This nihilistic satire is not without its own humor though. The many brawl scenes are played out with an outrageous physicality that borders on slapstick; the (in)famous long tracking shot that shows the couple stuck in a traffic jam from hell with animals, yachts, and picnicking people in line is pure cinematic grandiloquence (Godard supposedly did the scene, which included 300 tracks in total, just to piss off his producer); every character in the film is murderous, and always angry. One scene shows the couple, stranded from a car accident, wandering in the forest and meeting Emily Brontë and an unnamed philosopher, a pair antithetical to the couple, full of graces and gentility. Brontë, the only character in the film that still sees beauty in rhymes and riddles, is burnt alive by the impatient couple, when she wouldn't give them directions out of the forest. 'Isn't it cruel to burn a philosopher?' the husband asks the wife. 'What do we care? She's not real anyway.' 'You know,' replies the husband. 'We are little better than her.' The only advantage that these ugly characters have over her is the fact that Godard has made them the protagonists of the film, and like them or not, they are the ones we have to watch till the end; their superiority comes only by birth (if characters are mankind, and the filmmaker is God), hence theirs is a class struggle similar to reality.

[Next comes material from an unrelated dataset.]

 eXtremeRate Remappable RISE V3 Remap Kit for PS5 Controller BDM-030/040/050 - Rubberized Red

Their consciousness of this relates the underlying class struggle in every movie, film noir, horror or otherwise. The only reason why other characters die in a serial killer movie is purely random coincidence designated by the author. Whether or not the main characters are worthy of survival means nothing but for the fact that they are picked by the hand of the author to carry the story to its conclusion (although certain types of films might conform to a discernible moral code: in slasher movies the sexually promiscuous die first; Hitchcock killed his main character halfway through in Psycho and we see how shocking this effect is, even though by the code, that character deserved to die). This altogether existentialist theme comes through, especially, because the two main characters in Week End are resolutely annoying.

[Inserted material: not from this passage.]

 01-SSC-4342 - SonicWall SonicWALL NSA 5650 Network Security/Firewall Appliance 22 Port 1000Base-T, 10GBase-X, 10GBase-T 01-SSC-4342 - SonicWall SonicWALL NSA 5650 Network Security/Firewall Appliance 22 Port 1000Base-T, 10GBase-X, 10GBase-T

As in many of Godard's 60s period films, these characters know fully well that they are characters in a film, and constantly address the camera or refer to themselves as unreal. But what is 'real' anyway, when our perception of ourselves is only the relationship between how we perceive ourselves and how we perceive others perceiving us? Reality - by that term encompassing self and society - as we know it, is nothing but reflections of more reflections, endlessly refracting and changing its quality as it passes through people. Although the nature of film makes it a pseudo construct, it can be also said to be a reflection when the author means it to be. If film is also a reflection of a reflection, isn't it a reality too?
The husband's comment: 'We are little better than them' makes sense when seen in this light - they might be little better than the people that are killed off, but we (the audience) are little better than anyone else in the film too. Framing this in its meta-context, when we have characters that know their innate quality (that they are merely characters), they cease to be inferior to us. In fact, these characters might even be superior to us, because they know themselves, but we - whether as individuals or as a society - including the filmmaker himself, Jean-Luc Godard, do not know ourselves. We look at the film, and the film looks back at us in utter contempt and disgust.

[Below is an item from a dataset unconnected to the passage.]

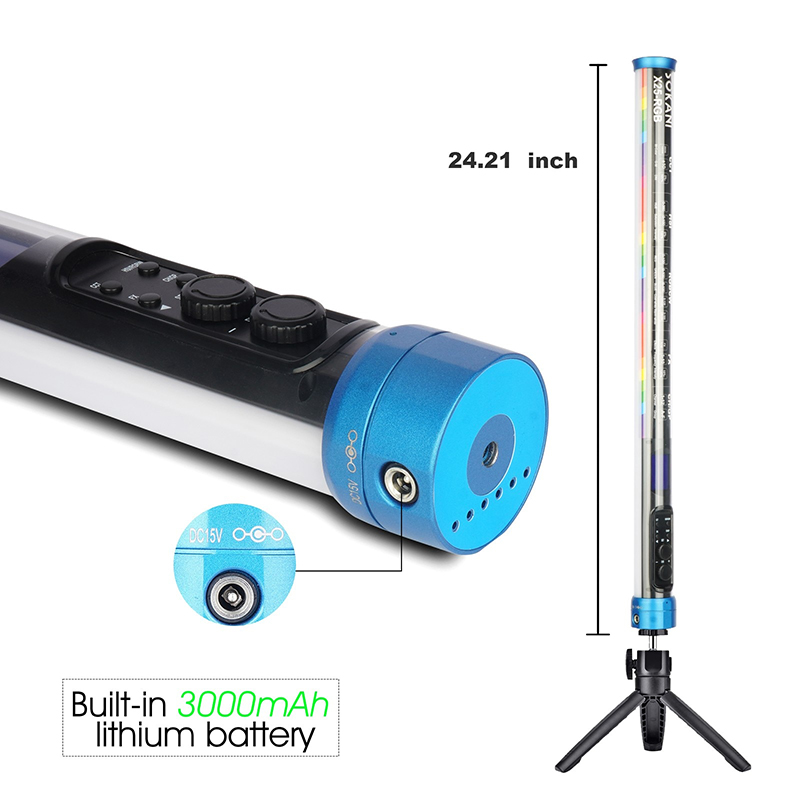 Sokani X25 RGB LED Video Light - Photography Lightning บทวิจารณ์และราคา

The film does not look at this as an absolute truth though; like many meta-films, there is a deep distrust of itself as a film. A manipulation/exploitation/distortion of image-realities is always suspect in its many (intentional or unintentional) political implications. Being a film 'aware' of itself, being a film that in parts exposes the manipulation of images through images (which, although paradoxical, might be the best means; it reminds me of Haneke's experiment in Funny Games), Week End never allows empathy with actions. In this regard, it can appear surrealistic to some extents. A scene features a frustrated concert pianist playing Mozart on a grand piano in a farmyard - his audience: a few scattered people and a whole lot of heavy farming machinery. In one long take that sweeps across the farm as it travels, people are put on the same plane as the landscape; it seems as if the audience were the steel vehicles rather than the humans.
To Godard, it is not ironic that technology has wrested the power over the world from humanity's hands. One could not easily forget the melancholic image of the wrinkled ex-film noir super spy Lemmy Caution quietly contemplating a gregarious hydraulic machine in Godard's disillusioned, information/technology-saturated Germany Year 90 Nine Zero. The product of the industrial revolution and civilization's need for some form or progress (regardless of what form) has resulted in the dominance of tools (one of which is cinema). These tools are the same weapons wielded by the Western civilization for purposes of imperialist hegemony, out of which capitalism is unleashed. Machinery, war, genocide are all poisonous waste produced by civilization (which, for argumentative purposes, we'll consider as uniquely Western).
Undoubtedly, it is a gross simplification of a complex evolution which can only point to one solution - a naive ideal of socialism (which is how I see Godard's thought to have evolved). But Godard finds a strong metaphor to express this theory, in which J.G. Ballard, and later David Cronenberg found a kinship - the car crash. It is a culmination of Western progress, ambitions, and also every form of entropy that is thrown in the way. And so Week End is littered with terrific crashes and copious amounts of blood - or, as Godard puts it, 'red paint.'
The artificiality of the image does not condone its complicity; there is nothing more political than the image. Godard intercuts a series of politically correct tableaux mixing people of different races and classes with an intertitle that accuses photography of becoming 'FAUX-TOGRAPHIE.' The fact that reality can be arranged, manipulated into a coherent reality - that is able to prolong its temporal existence - makes the image propaganda, whether or not the image itself believes in its politics. If considered on all the implications an image can make in its reality, then one cannot take the image lightly - even the placement of African and Arab characters in the film becomes charged with political meaning. It is more than a little chilling that the call-to-arms uttered by these characters in the film are the exact ones that are still being uttered today, 40 years later. In using these characters as mouthpieces for a diatribe against the West's neglect of the 'Third World', it is inevitable that we reach the other pole of this politics instead. They are reduced to symbols; tools to serve another design (in this case, Godard's design). It is perhaps, then, only socialist enough that Godard treats all his characters and designs as pure symbols.
Perhaps influenced by the situationists at the time, the film acts as one to drive people out of the cinemas; to destroy the shaded environment - the cinema - in which audiences replace spectacle for the real world. In Godard's Le Petit Soldat 7 years ago, a character might have declared that 'photography is truth, hence cinema is truth 24 frames per second,' but that ideology only seems naive now. Cinema - especially the hyperreal form of the musical, as parodied toward the end of the film - becomes a form of idealism that will forever disappoint. Equally unattainable as the ideals of the French Revolution (liberty, equality, fraternity), the political ideals of the repressed 'Third World,' musical and fantasy scenes - albeit with politics more subtly shaded - are also doomed to be corrupted by the real world. Quoting Georges Perec in Masculin Féminin, a character sighs while watching a film, 'It wasn't the film we had dreamed, the film we all carried in our hearts, the film we wanted to make... and secretly wanted to live.' If we attempt to replace this spectacle with reality, cinema will forever remain for us a disappointment. Hence, Godard's proclamation of 'FIN DE CINÉMA' at the end of the film is a call to subsume cinema with life, striving together for the ideal, and anticipating his purely political films with the Dziga Vertov Group.